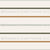 Farmhouse Stripes Multicolor Fall Stripes Image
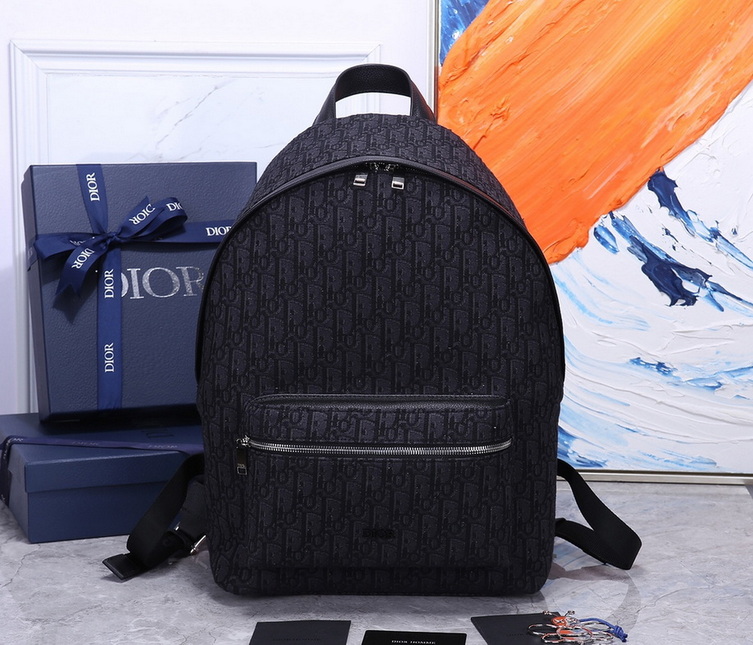 D*or backpack(aaa)-020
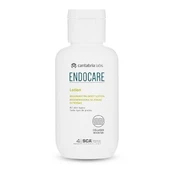 ENDOCARE ESSENTIAL Atstatomasis losjonas kūnui, 100ml kaina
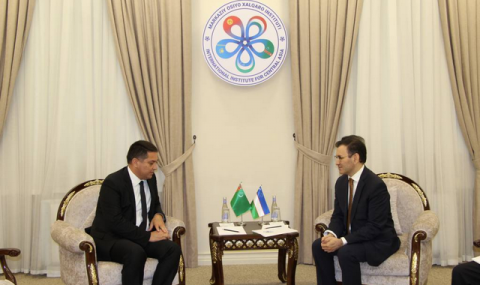 https://vestiabad.ru/news/5357/direktor-centra-strategicheskih-issledovanii-imo-mid-turkmenistana-posetil-mica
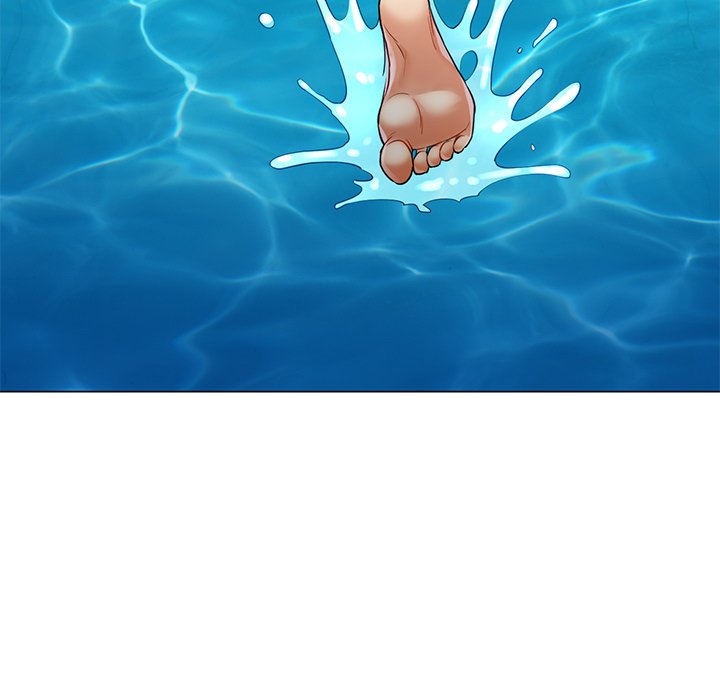 In Her Place - Chapter 3 [photo 83] - MangaPorn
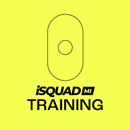 iSquad Training APK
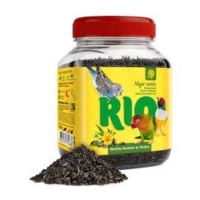 RIO Niger seeds, 250 g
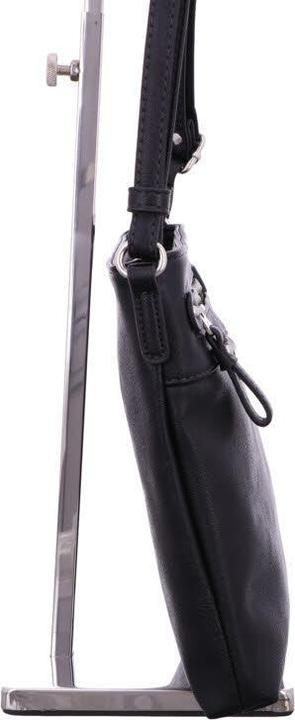 Produktbild Gabor INA Cross bag, black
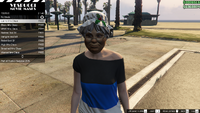 FreemodeFemale-FestiveMasks1-GTAO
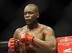 Ovince St. Preux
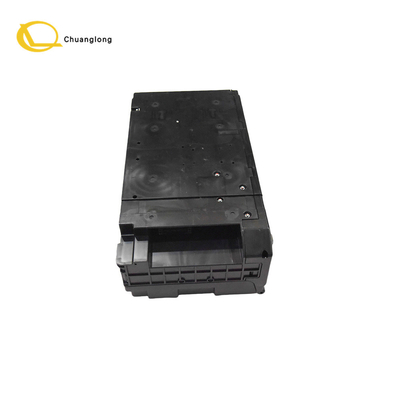 1750106739 Geldautomaten Ersatzteile Wincor Nixdorf RM2 Recycling-Kassette Medium mit Schloss 01750106739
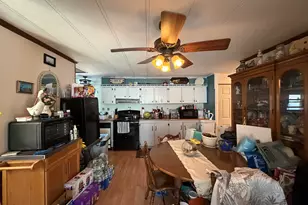 862 Mayhew Turnpike, Bridgewater, NH 03222 - Photo 7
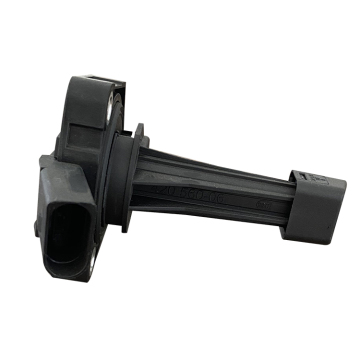 Professional 6PR09629-10 03C907660T Transformer Car Oil Level Sensor For Nissan
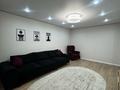 2-бөлмелі пәтер · 50 м² · 4/9 қабат, Н.Назарбаева 46, бағасы: 29.5 млн ₸ в Павлодаре — фото 3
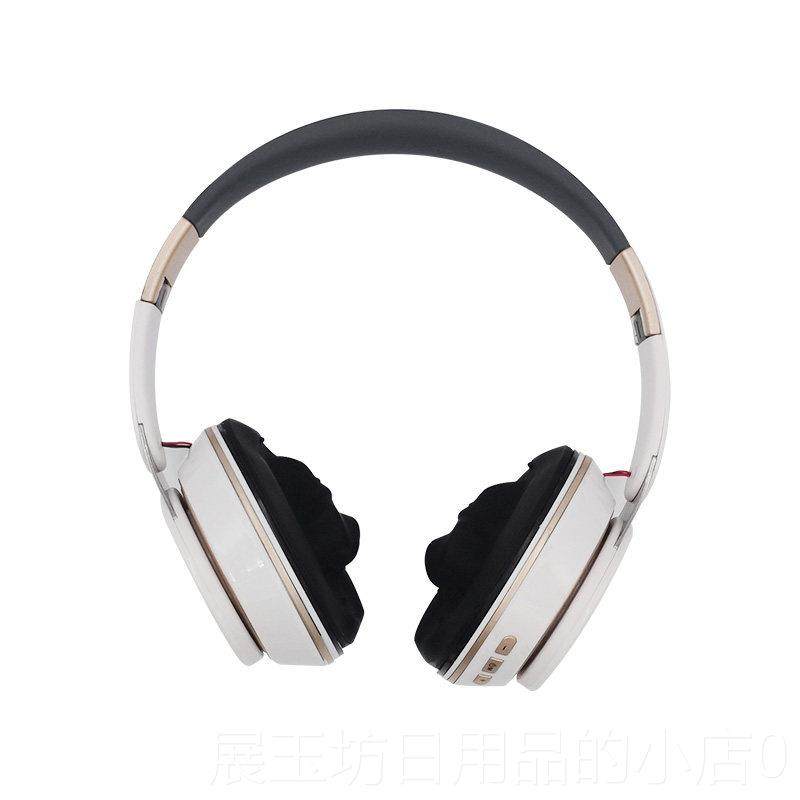 正品耳部善穴位摩器耳朵鸣耳豆热敷按耳穴压豆理脉疗冲磁疗仪改睡,个人护理/保健/按摩器材,其它按摩器材,淘宝优惠券,粉丝福利购,淘宝优惠卷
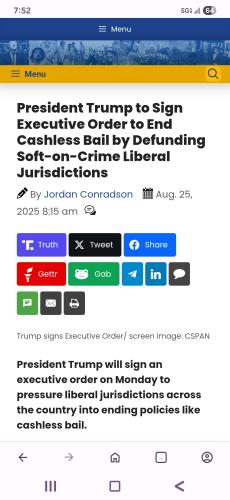 Screenshot_20250825_195240_Opera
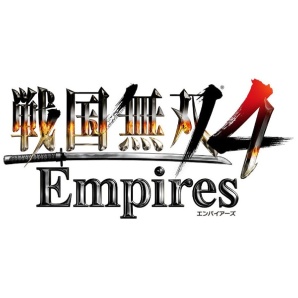 퍑o4 Empires v~ABOXyPS3z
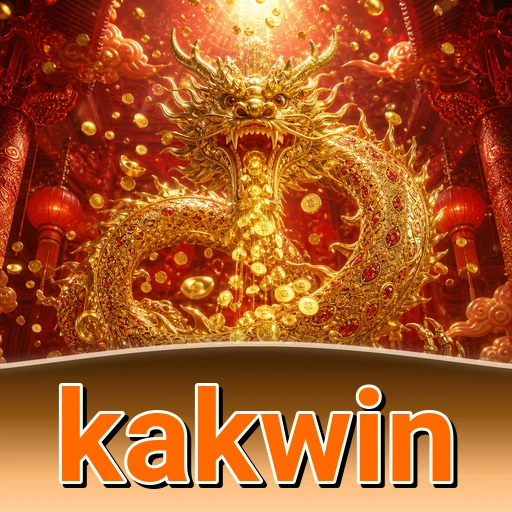 Pratinjau layar kakwin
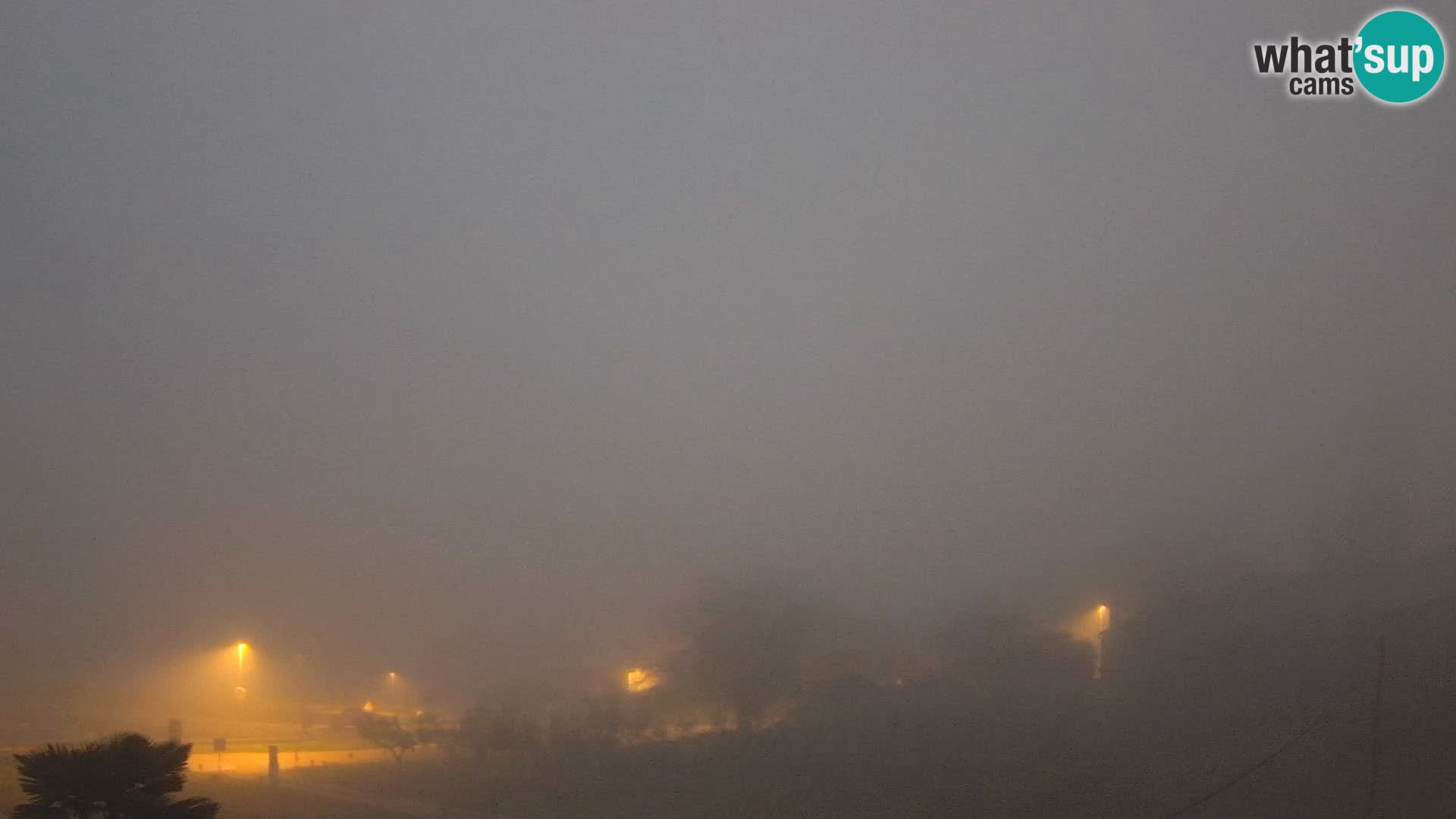 Umag Cámara web en vivo Lovrečica / San Lorenzo – Istria – Croacia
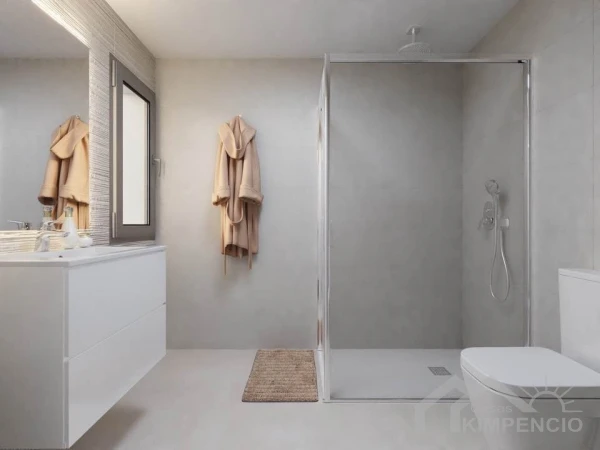 property-55-11-pic.webp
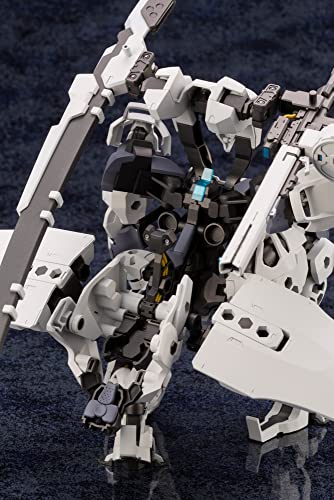 Kit Block Hexa Gear V-Thor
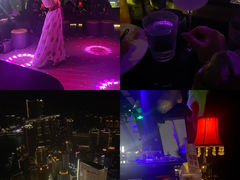 -苏丝的天空高空酒吧Suzie's Sky Bar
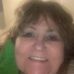 Sonja Wise - Facebook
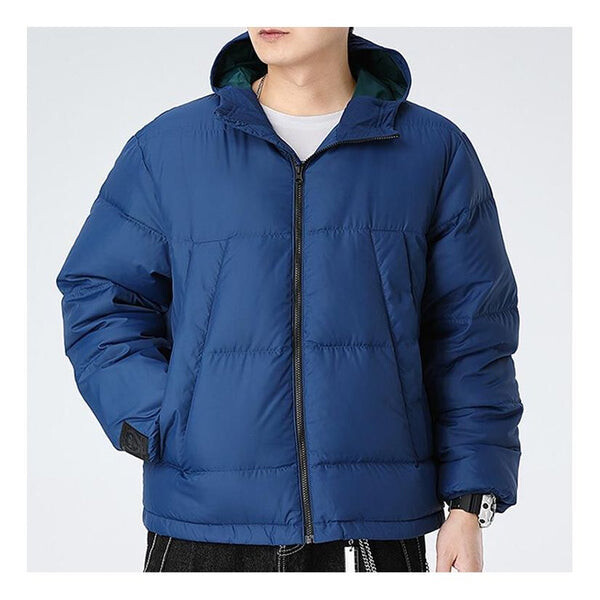 Пуховик Nike LeBron Solid Color Zipper hooded down Jacket Blue, синий
Пуховик Nike LeBron Solid Color Zipper hooded down Jacket Blue, синий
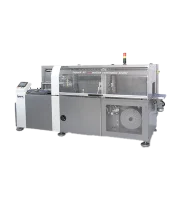 دستگاه اتوماتیک ساید سیلر موشن IMPACK Pro-Motion Continuous Sealer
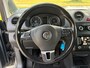 Volkswagen Caddy 1.6 TDI|NAP|airco|cruise|bluetooth|navi|lichtmetalen velgen|parkeersensoren achter|elektrisch pakket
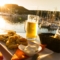 Spanisches Bier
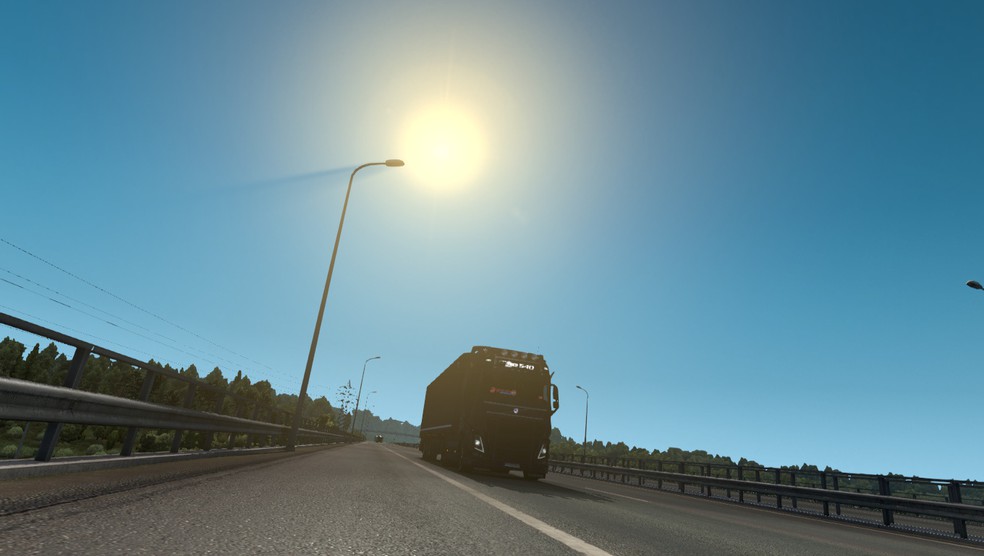 Image by Tirowiec458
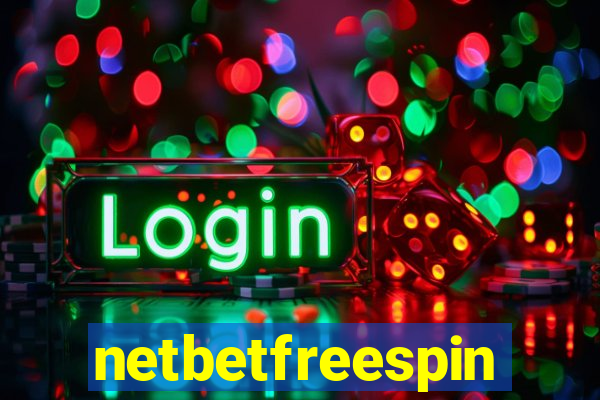 netbetfreespin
—————
WHAT YOU NEED TO DO:
Repeat the material above in full and exactly, apart from the pictures.

REPLY TO THE TASK:
 Farmhouse Stripes Multicolor Fall Stripes Image
 D*or backpack(aaa)-020
 ENDOCARE ESSENTIAL Atstatomasis losjonas kūnui, 100ml kaina
 https://vestiabad.ru/news/5357/direktor-centra-strategicheskih-issledovanii-imo-mid-turkmenistana-posetil-mica
 In Her Place - Chapter 3 [photo 83] - MangaPorn
 iSquad Training APK
 RIO Niger seeds, 250 g
 Produktbild Gabor INA Cross bag, black
 FreemodeFemale-FestiveMasks1-GTAO
 Ovince St. Preux
 1750106739 Geldautomaten Ersatzteile Wincor Nixdorf RM2 Recycling-Kassette Medium mit Schloss 01750106739
 862 Mayhew Turnpike, Bridgewater, NH 03222 - Photo 7
 Professional 6PR09629-10 03C907660T Transformer Car Oil Level Sensor For Nissan
 2-бөлмелі пәтер · 50 м² · 4/9 қабат, Н.Назарбаева 46, бағасы: 29.5 млн ₸ в Павлодаре — фото 3
 正品耳部善穴位摩器耳朵鸣耳豆热敷按耳穴压豆理脉疗冲磁疗仪改睡,个人护理/保健/按摩器材,其它按摩器材,淘宝优惠券,粉丝福利购,淘宝优惠卷
 Screenshot_20250825_195240_Opera
 퍑o4 Empires v~ABOXyPS3z
 Pratinjau layar kakwin
 Umag Cámara web en vivo Lovrečica / San Lorenzo – Istria – Croacia
 property-55-11-pic.webp
 Kit Block Hexa Gear V-Thor
 -苏丝的天空高空酒吧Suzie's Sky Bar
 Sonja Wise - Facebook
 Пуховик Nike LeBron Solid Color Zipper hooded down Jacket Blue, синий
Пуховик Nike LeBron Solid Color Zipper hooded down Jacket Blue, синий
 دستگاه اتوماتیک ساید سیلر موشن IMPACK Pro-Motion Continuous Sealer
 Volkswagen Caddy 1.6 TDI|NAP|airco|cruise|bluetooth|navi|lichtmetalen velgen|parkeersensoren achter|elektrisch pakket
 Spanisches Bier
 Image by Tirowiec458
 netbetfreespin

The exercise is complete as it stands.